ADR-004: CRS Reprojection for ROI and Output Coordinates¶
Status: Accepted Date: 2026-02-19 Deciders: TerraFlow Contributors Tickets: TERRA-010 (ROI clipping silent wrong-results), TERRA-011 (lat/lon in projected metres)
Context¶
Problem 1 — ROI clipping silently returned wrong data (TERRA-010)¶
The USDA Cropland Data Layer (CDL) — the primary supported raster — is stored in
EPSG:5070 (NAD83 / Conus Albers) with coordinate values in metres. Demo
configs express the ROI in WGS 84 degrees (e.g. xmin: -101, ymin: 38).
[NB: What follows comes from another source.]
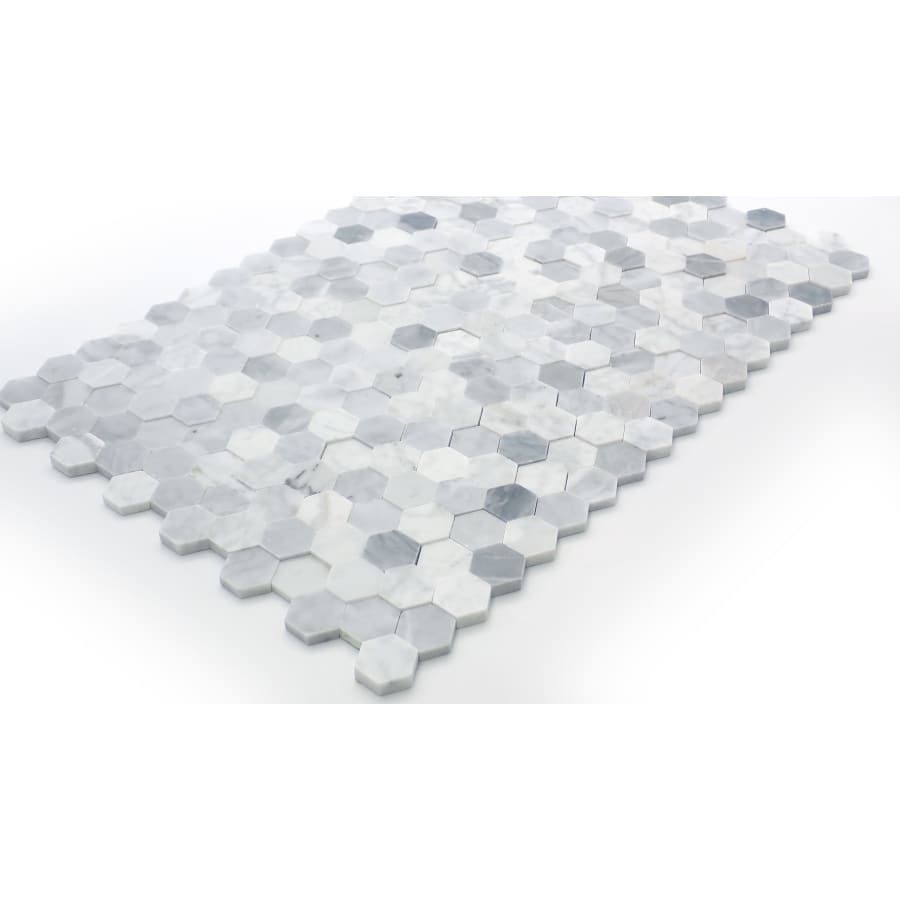emser-tile-f67link1218mhx-alternate-view-1167 emser-tile-f67link1218mhx-alternate-view-1167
The old clip_raster_to_roi passed the WGS 84 degree values directly to
rasterio.windows.from_bounds which expected Albers metres. The resulting
window was orders of magnitude smaller than a single pixel, so rasterio returned
the full raster silently. No error was raised; the pipeline appeared to work
while actually ignoring the ROI.
Additionally, when the ROI was genuinely outside the raster extent, the function returned the full raster rather than raising an error, masking misconfiguration.
Problem 2 — lat/lon output in projected metres (TERRA-011)¶
Because cell-centre coordinates were taken directly from rasterio.transform.xy
in the raster's native CRS, the lat and lon columns in results.csv
contained Albers-metre values (~1 000 000 m) rather than geographic degrees.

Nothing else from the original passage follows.